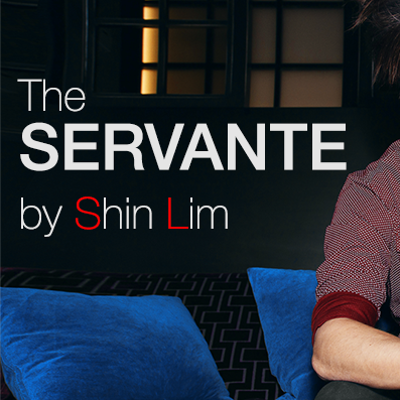 SERVANTÈ - Shin Lim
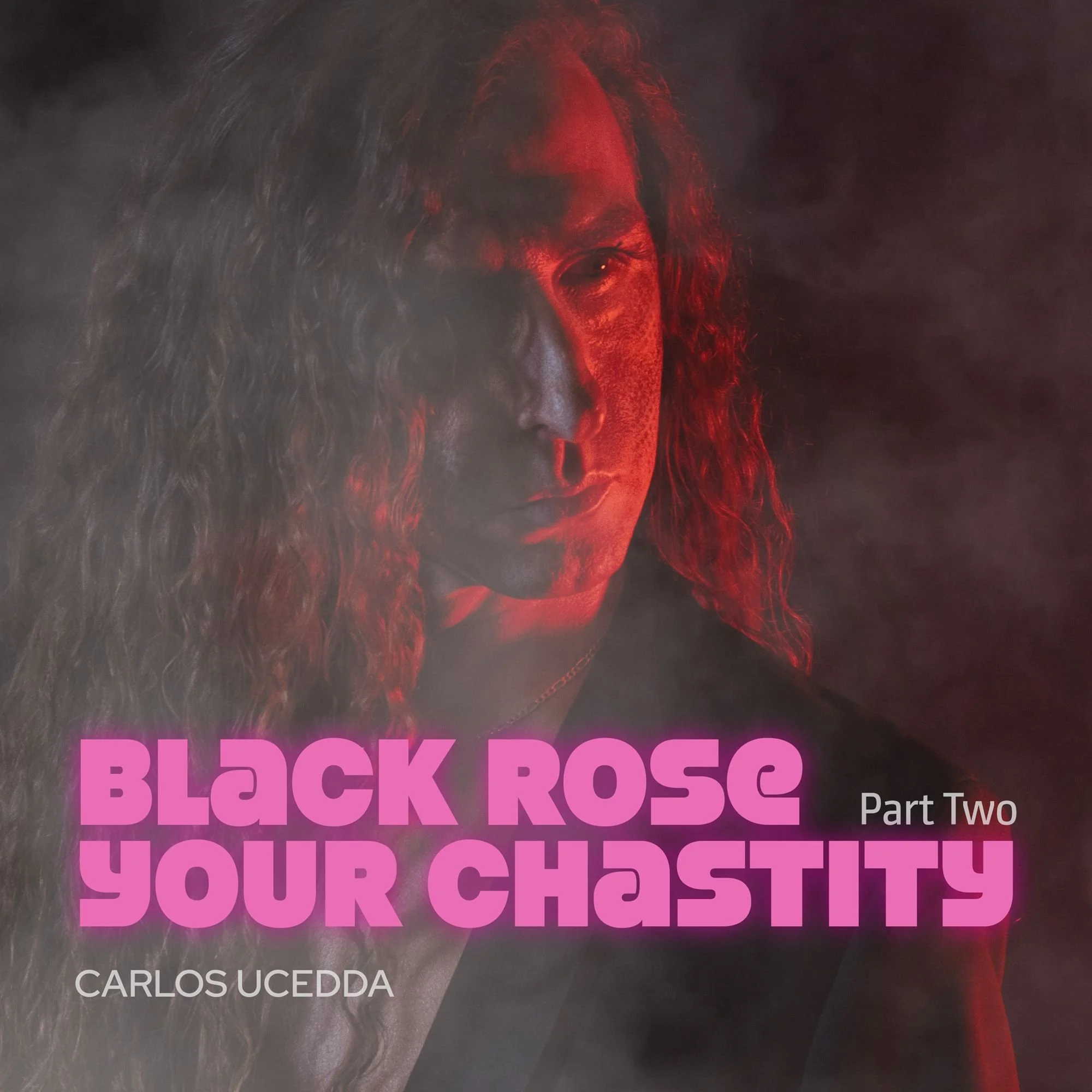 Carlos Ucedda: BLACK ROSE - Your Chastity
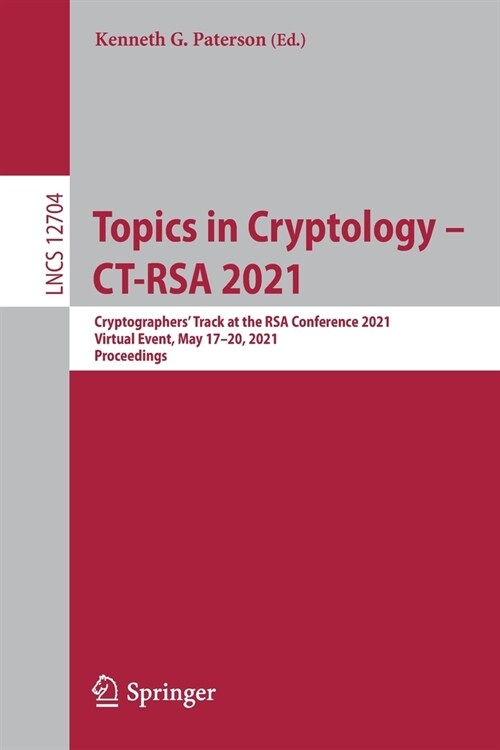 Topics in Cryptology - Ct-Rsa 2021: Cryptographers Track at the Rsa Conference 2021, Virtual Event, May 17-20, 2021, Proceedings (Paperback, 2021)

● ● ● ● ● ● ●

• Task goal
Please repeat the data above exactly as it appears, pictures excluded.

• Solution to this task
 SERVANTÈ - Shin Lim
 Carlos Ucedda: BLACK ROSE - Your Chastity
 Topics in Cryptology - Ct-Rsa 2021: Cryptographers Track at the Rsa Conference 2021, Virtual Event, May 17-20, 2021, Proceedings (Paperback, 2021)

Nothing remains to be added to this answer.